As part of the process of preparing financial statements, the Company is required to estimate its income taxes in each of the jurisdictions in which it operates. The Company accounts for income taxes using the asset and liability method. Under this method, deferred income taxes are recognized for temporary differences between the tax basis of assets and liabilities and their reported amounts in the financial statements. Net operating loss are carried forwards by applying enacted statutory tax rates applicable to future years when the reported amounts of the asset or liability are expected to be recovered or settled, respectively. Deferred tax assets are reduced by a valuation allowance when, based upon the weight of available evidence, it is more likely than not that some portion or all of the deferred tax assets will not be realized. The Company recognizes the tax benefit from an uncertain tax position only if it is more likely than not that the tax position will be sustained upon examination by the taxing authorities, based on the technical merits of the position.

(u)            Comprehensive income

Comprehensive income is defined to include all changes in equity from transactions and other events and circumstances excluding transactions resulting from investments by shareholders and distributions to shareholders. For the years presented, the Company’s comprehensive income includes net income and foreign currency translation adjustments and is presented in the consolidated statements of comprehensive income.

2. SUMMARY OF SIGNIFICANT ACCOUNTING POLICIES (Continued)

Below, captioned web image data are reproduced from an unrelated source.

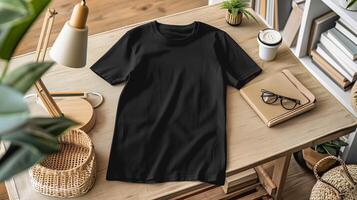 AI generated A mockup of the front view black t-shirt surrounded by props. Generated by artificial intelligence. photo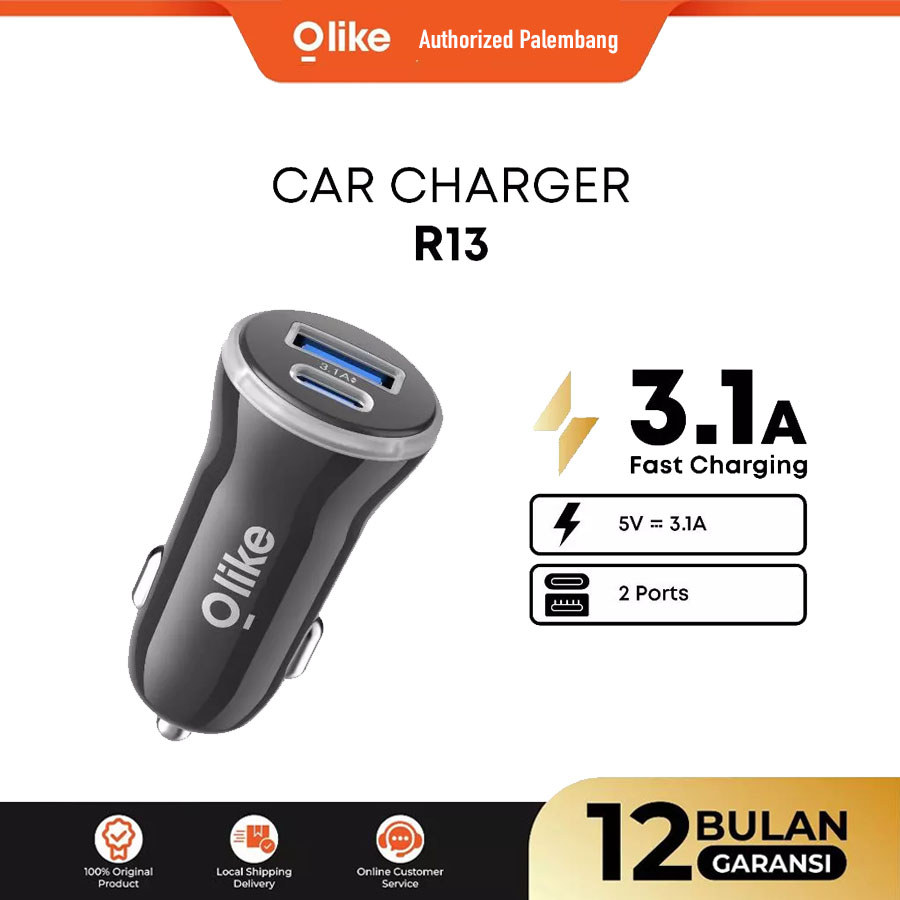 Olike Car Charger R13 Fast Carging 3.1A dual port USB A & Type C Charging Mobil with SmartChip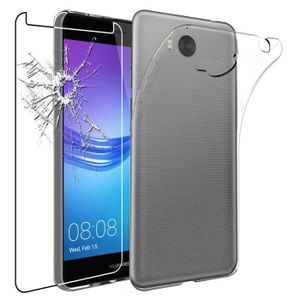 Kit Protection HUAWEI Y5 / Y6 2017 : Verre Trempé + Coque Transparente Antichoc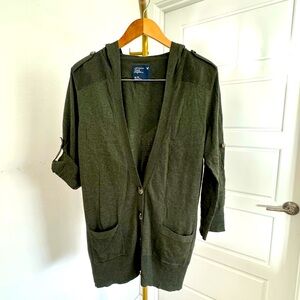 Women's Dark Green Button Down Front Pockets 3/4 Roll Up Sleeve Knit Cardigan XL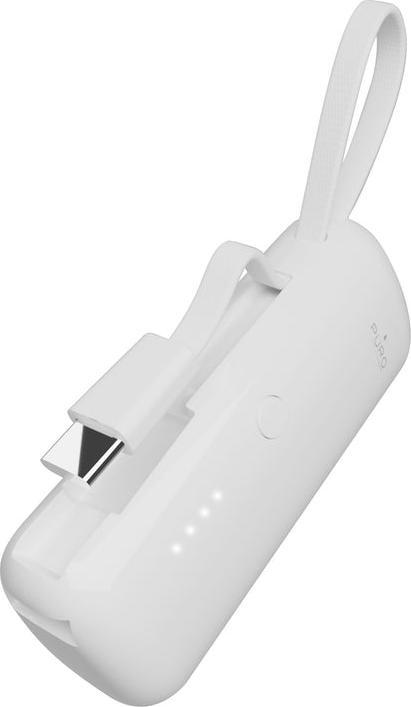 Actual product image SBS Puro Powerbank 5000mAh with integrated USB-C cable, white (5000 mAh)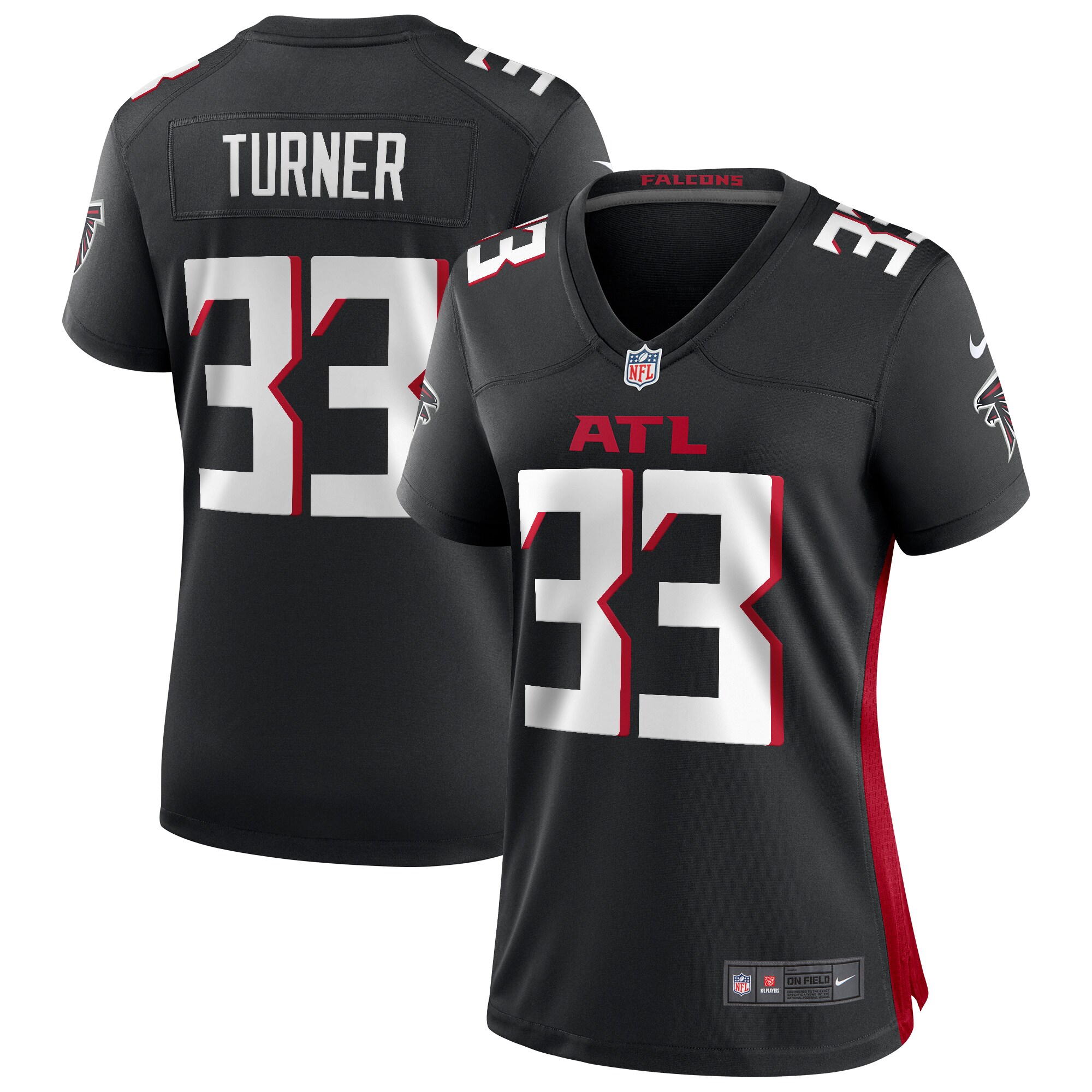 Michael Turner Atlanta Falcons  Women's Game Retired Player Jersey - Black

(v)            Leased assets

As a lessee

The Company leases office space, sorting hubs and warehouse facilities in different cities in PRC under operating leases. Effective January 1, 2019, the Company adopted ASU No. 2016-02 "Leases" (ASC 842) using the modified retrospective approach. The Company elected the transition package of practical expedients permitted within the standard, which allowed it not to reassess initial direct costs, lease classification, or whether the contracts contain or are leases for any leases that existed prior to January 1, 2019. Upon the adoption, the Company recognized operating lease right of use ("ROU") assets of RMB844,331, with corresponding lese liabilities of RMB767,694 on the consolidated balance sheets. The operating lease ROU assets include adjustments for prepayments and accrued lease payments. The adoption did not impact the Company's beginning retained earnings, or the Company's prior year financial statements.

Under ASC 842, the Company determines whether an arrangement constitutes a lease and records lease liabilities and right-of-use assets on its consolidated balance sheets at the lease commencement. The Company measures the operating lease liabilities at the commencement date based on the present value of remaining lease payments over the lease term, which was computed using the Company's incremental borrowing rate, an estimated rate the Company would be required to pay for a collateralized borrowing equal to the total lease payments over the lease term. The Company measures the operating lease ROU assets based on the corresponding lease liability adjusted for payments made to the lessor at or before the commencement date, and initial direct costs it incurs under the lease. The Company begins recognizing operating lease expense based on lease payments on a straight-line basis over the lease term when the lessor makes the underlying asset available to the Company. Some of the Company's lease contracts include options to extend the leases for an additional period which has to be agreed with the lessors based on mutual negotiation. After considering the factors that create an economic incentive, the Company does not include renewal option periods in the lease term for which it is not reasonably certain to exercise.

The Company determines its land use right agreements contain operating leases of land under ASC 842. However, this determination does not result in any changes to the accounting for land use rights as the cost for land use rights are fully prepaid and no liabilities would be recorded.

As a lessor

The Company's lessor arrangements include operating leases of land and buildings to its network partners. Under ASC 842, lessors account for operating leases in a manner similar to how they account for operating leases under ASC 840. The Company continues to recognize the underlying assets and records the lease payments as income over the lease term on a straight-line basis.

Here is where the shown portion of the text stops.